There are lots of entertainment options which is part of the draw. From the never aging kings of magic like David Copperfield, the never aging kings of pop like Donny Osmond and Rod Stewart and the never aging kings of rock like Foreigner and REO Speedwagon. Big acts continue to bolster Las Vegas’s reputation as an entertainment center for the aging boomers but you have to be really big for the numbers to work, Adele is there now in residency, which surprised me but in a way it encapsulates her fame, she is a global star. Muse will be there for a two week stint, I was less sure about that but I am sure they know what they are doing. There is a rotating roster of ‘global’ DJs headlining sets at the clubs and the EDM scene is alive and kicking, but there is less surprise about that with middle America being the biggest market for the big beats and easy access to the drugs that make that repetition more ecstatic than tedious.
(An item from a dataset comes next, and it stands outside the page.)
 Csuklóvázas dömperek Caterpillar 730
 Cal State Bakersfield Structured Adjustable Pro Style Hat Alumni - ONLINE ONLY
As you leave the airport is well manned and efficient. When you get through the super quick security you understand why as the casino experience continues in the concourse. Surrounded by more of the 21st century versions of the one-armed bandits, people are desperately stuffing notes and credit cards in to make that last winning bet that will wipe out all the losses, the luck will turn if only one you take one more chance, imagine if you stopped and the next person sitting down at your machine wins the jackpot? So with all that they don’t want people stuck in long security lines, time is not a wasting in the Harry Reid International Airport. Which Harry would have been happy with, after all Harry was a man who famously took every dime the government could be persuaded to shovel Nevada’s way or his way for that matter. He was also a believer in UFOs, and why not, its Nevada.

As a not quite stranger in an increasingly strange land I was happy to take off and head back to the old world, I was afraid of it and yes, I loathed it.